Hoje esquece o que podias ser, o que já não és, o que nunca foste capaz de fazer. Hoje és exatamente aquilo que querias ser, exatamente aquilo que és, exatamente aquilo que sempre foste capaz de ser. Aproveita como um louco o que há para aproveitar — e há tanto para aproveitar. Uma pele, um sorriso, um cheiro, um toque, um prazer simples. E o que é a vida senão aproveitar cada prazer simples que ela tem para nos dar?
Hoje esquece o que dói, o que mói, o que te espreme por dentro. Hoje muda o mundo de uma vez por todas. Ajuda um velhote a atravessar a rua, vai doar sangue, faz voluntariado, carrega as sacas de compras de quem precisa, joga no parque com um menino solitário, faz uma manifestação onde uma manifestação é necessária, faz uma festa sem motivo nenhum porque esse já é motivo mais que suficiente para fazer uma festa. E o que é persistir senão fazer de motivo algum motivo suficiente para festejar?

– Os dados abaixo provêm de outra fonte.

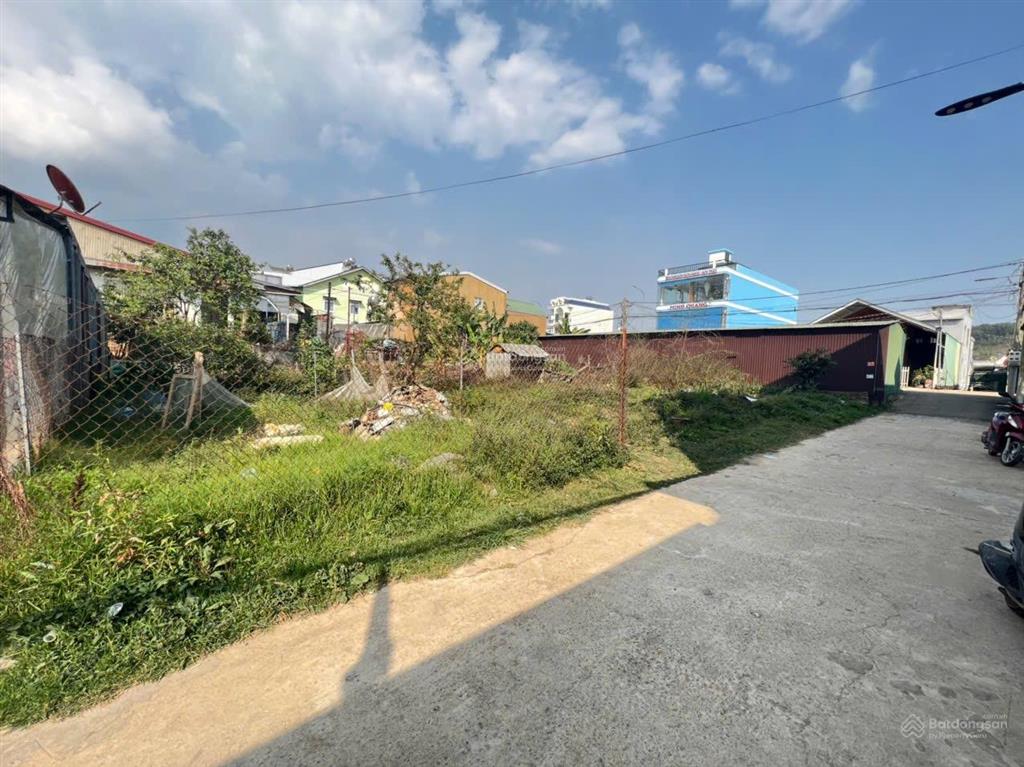 Đất sổ riêng xây dựng giá tốt chỉ 2,6 tỷ đường ô tô vị trí tốt dân cư đông đúc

Hoje esquece as retas, a rotina, a vida pequenina. Hoje vai pelas curvas, vai pela adrenalina, vai por ti e por quem te apanhar. Escolhe o caminho difícil, entra pela janela e não ligues para a porta, escreve um poema e declama-o em voz alta, declama-o aos berros no meio da rua: não se vive sem pão nem sem poesia. E o que é um poema senão a melhor maneira de encher uma mesa?
Hoje esquece. Esquece sem medo. E lembra-te sempre disso.